Tuesday, March 20, 2007

Hagel on the issues - ENERGY

Part two of my series on Chuck Hagel on the issues. The information comes from his new website.
ENERGY
  • Senator Hagel has supported environmentally responsible energy exploration in the Arctic National Wildlife Refuge (ANWR).
  • Senator Hagel has introduced legislation in the Senate to require that all gasoline contain 10% ethanol by 2010, and supports producing 25% of America's energy from renewable resources by 2025.
  • Senator Hagel has supported the increased use of nuclear power, off-shore drilling, and a wider and deeper portfolio of energy resources.

4 comments:

Anonymous said...

What is he running for? State Rep? This is a little thin, don't you think? As much as I am convinced Hagel is ready for prime time, his campaign unfortunately is not.

Charlie said...

It still early and the issues page lays out a brief introduction to the Senator's positions on what the campaign considers to be important issues.

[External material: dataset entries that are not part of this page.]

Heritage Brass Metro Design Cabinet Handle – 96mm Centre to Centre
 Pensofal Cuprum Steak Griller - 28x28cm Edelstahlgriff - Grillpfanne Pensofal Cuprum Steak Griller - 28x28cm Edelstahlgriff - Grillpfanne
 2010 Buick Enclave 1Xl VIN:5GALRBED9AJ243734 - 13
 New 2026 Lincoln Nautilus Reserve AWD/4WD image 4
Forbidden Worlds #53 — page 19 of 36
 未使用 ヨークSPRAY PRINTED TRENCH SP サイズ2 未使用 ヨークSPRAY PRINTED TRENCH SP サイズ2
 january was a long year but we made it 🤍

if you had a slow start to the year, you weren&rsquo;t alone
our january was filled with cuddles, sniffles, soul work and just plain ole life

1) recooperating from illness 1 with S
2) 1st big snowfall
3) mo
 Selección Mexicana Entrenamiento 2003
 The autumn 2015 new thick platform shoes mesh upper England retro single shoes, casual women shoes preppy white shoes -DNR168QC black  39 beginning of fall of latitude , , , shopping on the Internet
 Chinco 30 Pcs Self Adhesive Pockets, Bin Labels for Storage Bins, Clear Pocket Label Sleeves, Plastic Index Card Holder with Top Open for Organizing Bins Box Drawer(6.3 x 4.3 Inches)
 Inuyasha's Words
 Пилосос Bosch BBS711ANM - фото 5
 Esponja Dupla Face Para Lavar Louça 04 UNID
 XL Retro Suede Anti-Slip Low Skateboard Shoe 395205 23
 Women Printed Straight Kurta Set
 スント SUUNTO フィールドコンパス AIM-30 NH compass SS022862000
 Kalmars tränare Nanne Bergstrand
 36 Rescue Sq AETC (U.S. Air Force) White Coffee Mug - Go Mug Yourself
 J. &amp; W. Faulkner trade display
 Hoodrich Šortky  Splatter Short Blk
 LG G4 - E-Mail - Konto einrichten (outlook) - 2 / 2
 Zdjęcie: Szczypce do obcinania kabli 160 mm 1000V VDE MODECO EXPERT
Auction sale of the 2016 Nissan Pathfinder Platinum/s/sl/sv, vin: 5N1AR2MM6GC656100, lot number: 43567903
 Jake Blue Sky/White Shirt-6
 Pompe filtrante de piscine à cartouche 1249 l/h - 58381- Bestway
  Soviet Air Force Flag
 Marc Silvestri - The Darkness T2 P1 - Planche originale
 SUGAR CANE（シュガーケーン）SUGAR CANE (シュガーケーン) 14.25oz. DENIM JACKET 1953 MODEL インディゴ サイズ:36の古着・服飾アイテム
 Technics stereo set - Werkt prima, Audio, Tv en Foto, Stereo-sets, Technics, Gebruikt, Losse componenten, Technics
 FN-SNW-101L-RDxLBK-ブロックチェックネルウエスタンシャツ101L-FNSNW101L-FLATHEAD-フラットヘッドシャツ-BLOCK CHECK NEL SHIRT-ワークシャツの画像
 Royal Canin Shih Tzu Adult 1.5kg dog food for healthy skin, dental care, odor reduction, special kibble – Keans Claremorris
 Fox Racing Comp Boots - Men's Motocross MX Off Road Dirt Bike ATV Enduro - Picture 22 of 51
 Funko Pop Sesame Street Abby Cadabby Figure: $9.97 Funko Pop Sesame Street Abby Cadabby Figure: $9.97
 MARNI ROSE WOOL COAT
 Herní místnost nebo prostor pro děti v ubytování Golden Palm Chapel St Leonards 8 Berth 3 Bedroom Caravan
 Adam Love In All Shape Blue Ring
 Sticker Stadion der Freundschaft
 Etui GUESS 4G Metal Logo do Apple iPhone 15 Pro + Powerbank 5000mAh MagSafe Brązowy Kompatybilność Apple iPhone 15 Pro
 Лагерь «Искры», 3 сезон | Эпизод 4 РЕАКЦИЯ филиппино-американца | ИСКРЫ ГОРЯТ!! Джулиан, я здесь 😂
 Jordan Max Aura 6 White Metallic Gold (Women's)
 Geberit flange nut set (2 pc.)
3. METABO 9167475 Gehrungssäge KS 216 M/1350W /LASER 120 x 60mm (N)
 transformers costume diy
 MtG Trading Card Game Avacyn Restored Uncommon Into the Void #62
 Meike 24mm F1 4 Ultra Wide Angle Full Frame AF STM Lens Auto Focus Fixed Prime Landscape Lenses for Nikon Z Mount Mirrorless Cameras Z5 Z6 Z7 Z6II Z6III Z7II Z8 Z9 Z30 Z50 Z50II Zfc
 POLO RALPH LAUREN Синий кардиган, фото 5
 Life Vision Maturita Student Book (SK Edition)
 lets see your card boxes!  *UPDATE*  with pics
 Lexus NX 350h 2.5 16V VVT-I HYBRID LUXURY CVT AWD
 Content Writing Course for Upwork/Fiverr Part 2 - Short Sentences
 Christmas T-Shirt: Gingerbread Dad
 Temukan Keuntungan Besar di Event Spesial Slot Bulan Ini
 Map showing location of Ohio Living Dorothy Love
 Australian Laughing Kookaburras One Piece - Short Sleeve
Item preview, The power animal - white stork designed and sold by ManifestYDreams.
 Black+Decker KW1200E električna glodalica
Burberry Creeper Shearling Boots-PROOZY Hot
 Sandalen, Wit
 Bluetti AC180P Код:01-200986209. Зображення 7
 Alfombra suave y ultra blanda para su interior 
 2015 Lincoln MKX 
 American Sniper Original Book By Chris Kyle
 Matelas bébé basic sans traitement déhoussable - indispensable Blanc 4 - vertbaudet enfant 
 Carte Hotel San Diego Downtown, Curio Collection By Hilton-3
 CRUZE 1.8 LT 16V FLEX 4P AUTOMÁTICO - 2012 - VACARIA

I'm sure that there will be more in depth information at a later point, but this does give a nice starting point for people that don't know much about Chuck Hagel (which according to the polls I've seen is most people).

William Dalton said...

I have thought for some time that when it comes to resources upon which our national security depends, the best course is to put a tariff upon imports of them. This will have two positive effects - stimulate the development of these resources within our own territory, and provide a source of income that will permit lowering taxes on productive portions of the U.S. economy.

I know my libertarian friends will disagree, and they have their points, but to the extent we have to have taxes, these are the best to have.

Anonymous said...

From all I've read about Big Oil's record on the North Slope, "environmentally responsible energy exploration in the Arctic National Wildlife Refuge" was an oxymoron even before the BP pipeline disaster. The gain from likely output from ANWR when viewed both against (1)reasonable estimates of the extraction costs and very real potential for long-term damage and (2)current consumption levels make this a very bad bet considering the better alternatives that are out there. All polls I've seen show this proposal to be widely unpopular except perhaps among oil execs and folks who subscribe to the slogan, "What's Good for Business is Good for America - no exceptions!" I really wish Senator Hagel would reconsider his support. By the way, if it still exists, the Republicans for Environmental Protection outfit has produced some excellent work on this issue.